Tous les autres tableaux plus ou moins cézanniens d'Hébert que nous connaissons ont été exécutés en France à compter de 1922. L'artiste aurait-il profité de son voyage pour mieux étudier le maître d'Aix? Il l'a sans doute fait, mais avec l'aide du point de vue d'un artiste français de son âge, André Favory, lequel s'était épris de Cézanne dix années plus tôt et s'en était éloigné considérablement depuis.

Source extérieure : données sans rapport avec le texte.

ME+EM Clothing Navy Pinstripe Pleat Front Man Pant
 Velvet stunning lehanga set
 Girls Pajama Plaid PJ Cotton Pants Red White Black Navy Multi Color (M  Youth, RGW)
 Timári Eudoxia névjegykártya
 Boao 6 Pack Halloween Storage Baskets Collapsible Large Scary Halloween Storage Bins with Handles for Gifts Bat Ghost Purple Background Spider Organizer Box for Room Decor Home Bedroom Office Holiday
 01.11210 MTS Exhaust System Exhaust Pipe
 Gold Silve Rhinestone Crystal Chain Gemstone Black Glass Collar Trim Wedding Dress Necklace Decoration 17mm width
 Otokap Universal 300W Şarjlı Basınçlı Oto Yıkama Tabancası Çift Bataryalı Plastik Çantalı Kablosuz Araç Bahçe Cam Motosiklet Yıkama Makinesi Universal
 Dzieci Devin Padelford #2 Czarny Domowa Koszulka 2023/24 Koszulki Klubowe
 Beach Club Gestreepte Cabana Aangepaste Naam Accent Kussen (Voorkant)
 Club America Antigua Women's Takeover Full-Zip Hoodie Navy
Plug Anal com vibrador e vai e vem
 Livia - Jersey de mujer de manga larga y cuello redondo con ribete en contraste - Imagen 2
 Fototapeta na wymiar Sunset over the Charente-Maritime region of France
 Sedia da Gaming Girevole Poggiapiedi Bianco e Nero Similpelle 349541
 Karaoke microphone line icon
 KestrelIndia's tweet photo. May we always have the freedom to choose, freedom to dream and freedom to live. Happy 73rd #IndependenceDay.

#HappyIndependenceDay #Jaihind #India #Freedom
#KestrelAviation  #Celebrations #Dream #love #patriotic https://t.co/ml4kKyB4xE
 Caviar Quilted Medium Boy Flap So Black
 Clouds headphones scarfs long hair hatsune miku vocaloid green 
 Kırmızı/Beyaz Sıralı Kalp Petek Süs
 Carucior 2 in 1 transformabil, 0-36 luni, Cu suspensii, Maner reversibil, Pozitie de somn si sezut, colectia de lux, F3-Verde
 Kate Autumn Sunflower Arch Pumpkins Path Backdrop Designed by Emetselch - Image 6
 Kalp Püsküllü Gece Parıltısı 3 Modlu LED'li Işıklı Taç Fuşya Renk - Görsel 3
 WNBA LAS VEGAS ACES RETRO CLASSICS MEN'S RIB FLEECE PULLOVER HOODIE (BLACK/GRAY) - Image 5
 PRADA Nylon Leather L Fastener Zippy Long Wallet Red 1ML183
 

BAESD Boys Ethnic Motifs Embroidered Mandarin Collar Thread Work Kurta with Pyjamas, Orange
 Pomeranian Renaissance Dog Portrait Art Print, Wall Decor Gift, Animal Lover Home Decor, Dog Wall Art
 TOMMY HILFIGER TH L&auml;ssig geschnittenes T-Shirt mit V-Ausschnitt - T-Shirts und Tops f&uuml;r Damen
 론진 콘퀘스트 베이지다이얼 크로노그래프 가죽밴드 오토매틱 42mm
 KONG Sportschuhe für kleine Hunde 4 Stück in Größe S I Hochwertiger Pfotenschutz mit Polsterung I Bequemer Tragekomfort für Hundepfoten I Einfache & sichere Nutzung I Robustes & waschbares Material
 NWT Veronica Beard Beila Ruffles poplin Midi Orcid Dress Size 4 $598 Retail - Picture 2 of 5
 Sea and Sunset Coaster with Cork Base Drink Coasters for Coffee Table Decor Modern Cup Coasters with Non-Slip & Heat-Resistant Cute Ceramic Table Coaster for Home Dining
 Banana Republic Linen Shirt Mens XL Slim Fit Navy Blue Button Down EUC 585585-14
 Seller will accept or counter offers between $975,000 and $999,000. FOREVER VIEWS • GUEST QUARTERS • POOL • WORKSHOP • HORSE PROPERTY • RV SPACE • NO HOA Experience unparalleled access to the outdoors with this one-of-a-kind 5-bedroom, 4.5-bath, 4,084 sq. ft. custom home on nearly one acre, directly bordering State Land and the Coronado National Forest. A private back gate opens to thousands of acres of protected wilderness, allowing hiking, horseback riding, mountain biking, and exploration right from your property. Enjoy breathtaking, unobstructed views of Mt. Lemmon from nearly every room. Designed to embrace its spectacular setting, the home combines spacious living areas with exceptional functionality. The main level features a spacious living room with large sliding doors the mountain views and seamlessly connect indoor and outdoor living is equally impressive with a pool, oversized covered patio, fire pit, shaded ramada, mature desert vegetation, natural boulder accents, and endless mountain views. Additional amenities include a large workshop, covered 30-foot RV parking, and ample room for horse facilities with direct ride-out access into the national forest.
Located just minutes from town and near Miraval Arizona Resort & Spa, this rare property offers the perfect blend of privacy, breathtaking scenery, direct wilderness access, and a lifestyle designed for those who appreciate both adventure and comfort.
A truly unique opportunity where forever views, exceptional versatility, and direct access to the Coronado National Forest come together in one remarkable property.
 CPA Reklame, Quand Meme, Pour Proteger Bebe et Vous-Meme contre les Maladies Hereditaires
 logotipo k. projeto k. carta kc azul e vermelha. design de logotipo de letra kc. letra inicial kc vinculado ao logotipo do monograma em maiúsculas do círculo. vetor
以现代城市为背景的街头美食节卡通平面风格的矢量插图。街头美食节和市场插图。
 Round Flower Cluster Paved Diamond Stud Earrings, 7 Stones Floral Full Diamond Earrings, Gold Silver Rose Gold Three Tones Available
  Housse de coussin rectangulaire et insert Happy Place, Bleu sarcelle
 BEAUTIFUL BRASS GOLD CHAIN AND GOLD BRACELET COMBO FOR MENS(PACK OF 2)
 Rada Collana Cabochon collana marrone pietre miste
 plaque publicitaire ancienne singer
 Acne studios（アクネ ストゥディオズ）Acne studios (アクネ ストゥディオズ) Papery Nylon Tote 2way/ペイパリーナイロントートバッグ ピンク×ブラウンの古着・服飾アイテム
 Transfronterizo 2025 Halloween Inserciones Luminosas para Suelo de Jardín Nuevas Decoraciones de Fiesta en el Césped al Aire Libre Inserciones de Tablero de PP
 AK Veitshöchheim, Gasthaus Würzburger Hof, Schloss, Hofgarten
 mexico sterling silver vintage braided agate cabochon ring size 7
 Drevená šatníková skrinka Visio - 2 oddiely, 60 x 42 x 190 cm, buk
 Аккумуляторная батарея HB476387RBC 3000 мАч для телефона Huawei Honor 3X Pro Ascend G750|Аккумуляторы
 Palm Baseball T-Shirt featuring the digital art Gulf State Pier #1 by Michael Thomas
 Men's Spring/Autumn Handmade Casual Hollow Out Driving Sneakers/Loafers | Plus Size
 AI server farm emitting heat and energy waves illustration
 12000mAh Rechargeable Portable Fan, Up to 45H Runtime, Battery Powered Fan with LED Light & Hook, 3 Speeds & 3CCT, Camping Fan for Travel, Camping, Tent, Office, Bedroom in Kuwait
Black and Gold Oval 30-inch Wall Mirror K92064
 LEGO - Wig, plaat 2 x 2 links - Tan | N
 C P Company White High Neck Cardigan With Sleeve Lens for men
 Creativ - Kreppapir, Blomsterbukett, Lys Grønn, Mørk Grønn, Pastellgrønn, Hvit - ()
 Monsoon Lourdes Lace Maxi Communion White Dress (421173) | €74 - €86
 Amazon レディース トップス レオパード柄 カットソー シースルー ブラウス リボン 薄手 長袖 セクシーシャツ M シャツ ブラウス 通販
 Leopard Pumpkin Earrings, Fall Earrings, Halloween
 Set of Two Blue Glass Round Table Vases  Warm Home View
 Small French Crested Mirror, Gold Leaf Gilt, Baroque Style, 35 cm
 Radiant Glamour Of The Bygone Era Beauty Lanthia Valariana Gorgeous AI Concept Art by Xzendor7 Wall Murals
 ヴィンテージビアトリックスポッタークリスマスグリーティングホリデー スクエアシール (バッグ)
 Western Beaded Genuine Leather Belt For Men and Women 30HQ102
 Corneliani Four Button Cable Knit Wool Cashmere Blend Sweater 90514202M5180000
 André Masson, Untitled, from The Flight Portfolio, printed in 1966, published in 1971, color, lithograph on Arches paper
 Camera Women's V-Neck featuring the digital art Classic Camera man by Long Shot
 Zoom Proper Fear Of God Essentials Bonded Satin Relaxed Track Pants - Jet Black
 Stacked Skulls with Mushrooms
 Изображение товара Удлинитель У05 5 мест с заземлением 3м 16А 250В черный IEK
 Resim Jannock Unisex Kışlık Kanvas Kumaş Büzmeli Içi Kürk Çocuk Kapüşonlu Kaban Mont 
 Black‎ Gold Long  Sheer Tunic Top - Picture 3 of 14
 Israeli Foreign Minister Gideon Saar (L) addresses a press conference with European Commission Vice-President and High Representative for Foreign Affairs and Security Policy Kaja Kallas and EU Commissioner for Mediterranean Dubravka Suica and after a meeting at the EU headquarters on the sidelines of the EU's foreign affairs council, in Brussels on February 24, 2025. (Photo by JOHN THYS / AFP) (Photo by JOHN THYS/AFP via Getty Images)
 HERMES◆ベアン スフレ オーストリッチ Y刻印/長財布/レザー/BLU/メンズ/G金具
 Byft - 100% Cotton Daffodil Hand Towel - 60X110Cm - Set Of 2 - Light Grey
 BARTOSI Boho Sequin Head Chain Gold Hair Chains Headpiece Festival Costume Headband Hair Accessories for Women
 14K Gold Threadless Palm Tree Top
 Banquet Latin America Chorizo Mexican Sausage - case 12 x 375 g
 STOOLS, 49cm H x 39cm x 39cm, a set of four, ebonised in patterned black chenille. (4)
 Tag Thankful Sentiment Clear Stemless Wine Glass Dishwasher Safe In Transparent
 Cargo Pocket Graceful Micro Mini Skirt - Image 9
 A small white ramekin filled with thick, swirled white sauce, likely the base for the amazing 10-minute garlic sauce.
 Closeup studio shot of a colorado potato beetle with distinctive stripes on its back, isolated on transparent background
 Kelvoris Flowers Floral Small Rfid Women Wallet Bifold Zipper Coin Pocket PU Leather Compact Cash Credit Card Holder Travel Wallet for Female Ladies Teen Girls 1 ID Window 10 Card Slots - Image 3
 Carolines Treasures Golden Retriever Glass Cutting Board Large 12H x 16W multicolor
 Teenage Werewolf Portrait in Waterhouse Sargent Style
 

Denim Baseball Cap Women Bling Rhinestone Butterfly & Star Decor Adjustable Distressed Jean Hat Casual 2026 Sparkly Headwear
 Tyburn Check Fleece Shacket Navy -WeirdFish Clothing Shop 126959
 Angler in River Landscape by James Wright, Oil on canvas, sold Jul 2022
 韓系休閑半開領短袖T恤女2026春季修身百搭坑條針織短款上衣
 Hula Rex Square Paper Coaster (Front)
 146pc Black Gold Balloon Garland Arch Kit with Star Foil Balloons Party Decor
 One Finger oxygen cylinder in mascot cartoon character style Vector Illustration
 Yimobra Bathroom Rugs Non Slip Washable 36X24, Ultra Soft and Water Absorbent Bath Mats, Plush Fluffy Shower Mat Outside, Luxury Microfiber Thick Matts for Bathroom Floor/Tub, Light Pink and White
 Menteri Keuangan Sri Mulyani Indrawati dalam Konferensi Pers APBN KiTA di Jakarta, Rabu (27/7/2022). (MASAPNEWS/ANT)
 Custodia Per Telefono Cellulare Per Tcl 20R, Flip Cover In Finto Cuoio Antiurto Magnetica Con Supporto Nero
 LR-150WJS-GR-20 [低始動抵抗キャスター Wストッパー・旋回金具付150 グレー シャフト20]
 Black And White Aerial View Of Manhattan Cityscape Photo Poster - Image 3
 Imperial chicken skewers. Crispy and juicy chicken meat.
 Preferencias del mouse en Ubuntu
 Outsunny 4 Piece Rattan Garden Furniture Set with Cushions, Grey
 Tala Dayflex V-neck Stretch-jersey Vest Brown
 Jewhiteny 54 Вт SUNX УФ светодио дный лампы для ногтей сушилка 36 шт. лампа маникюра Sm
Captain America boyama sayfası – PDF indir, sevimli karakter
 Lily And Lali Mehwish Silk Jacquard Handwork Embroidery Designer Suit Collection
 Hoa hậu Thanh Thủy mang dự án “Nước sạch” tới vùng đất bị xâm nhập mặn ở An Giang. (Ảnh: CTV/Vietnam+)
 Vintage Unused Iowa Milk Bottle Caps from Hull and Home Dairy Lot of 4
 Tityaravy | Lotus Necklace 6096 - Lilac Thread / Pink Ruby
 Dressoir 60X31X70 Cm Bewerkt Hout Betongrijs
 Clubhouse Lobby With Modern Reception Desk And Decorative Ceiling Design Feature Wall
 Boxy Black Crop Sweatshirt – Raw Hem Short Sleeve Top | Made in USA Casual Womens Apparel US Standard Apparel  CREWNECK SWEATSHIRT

Le 8 juin 1922, Adrien Hébert s'embarque à New York en compagnie de Fernand Préfontaine à destination du Havre. Ce dernier était revenu passagèrement au Canada six mois auparavant. (12) Adrien logera chez son ami au 7 de la rue des Eaux à Passy. Sans doute Préfontaine s'est-il empressé de mettre Hébert en contact avec ses amis peintres. Une lettre qu'il adresse à Pauline Rolland le 15 novembre révèle qu'André Favory est passé voir les travaux d'Adrien au 7 rue des Eaux et qu'il l'en a félicité. L'artiste français a sans doute vu les paysages exécutés au cours du récent voyage des deux amis à Issoire et au Puy-en-Velay. Paysage à Vals-les-Bains (fig. 10) et Paysage de l'Ardèche (fig. 11) figuraient probablement dans le groupe de toiles réunies pour l'occasion avec certaines vues parisiennes de la Seine qui nous sont déjà connues grâce à l'exposition Les esthétiques modernes au Québec de 1916 à 1946 et à celle qu'organisait en septembre 1984 la Galerie Walter Klinkhoff sous le titre Hommage à Adrien Hébert. Les éléments cézanniens, schémas de composition, recettes de couleurs et solutions caractérisées à des problèmes d'échelonnements de plans sont fortement teintés ici par le goût classique qu'André Derain, Othon Firesz (13) puis André Favory lui-même ont ajouté à leurs emprunts cézanniens. Il est sans doute trop tôt pour porter un jugement définitif sur l'influence de Favory telle qu'elle apparaît dans ces paysages. Il faudrait mieux connaître l'oeuvre de l'artiste français. De plus, on sait trop peu sur les autres influences qui entrèrent en jeu au cours des quinze mois du séjour parisien d'Hébert. Qu'en fut-il par exemple d'une certaine visite des deux amis à Robert Mortier? (14) Et quand saura-t-on pourquoi Robert de Roquebrune, ancien collaborateur à la revue Le Nigog, ne consigne aucun souvenir (15) du passage de son ami Adrien Hébert à Paris, lui qui fréquentait Metzinger et autres peintres cézanniens à l'époque. Jean Marchand (1883-1940) par exemple, autrefois cubiste, figure dans le groupe de Metzinger. La critique fait grand état (16) de ses nus et de ses portraits au Salon d'Automne de 1921 et 1922. Hébert se serait-il inspiré de lui pour son Nu assis (v. 1922, MBAC, Ottawa), lequel s'apparente tout autant à Marchand qu'à Favory?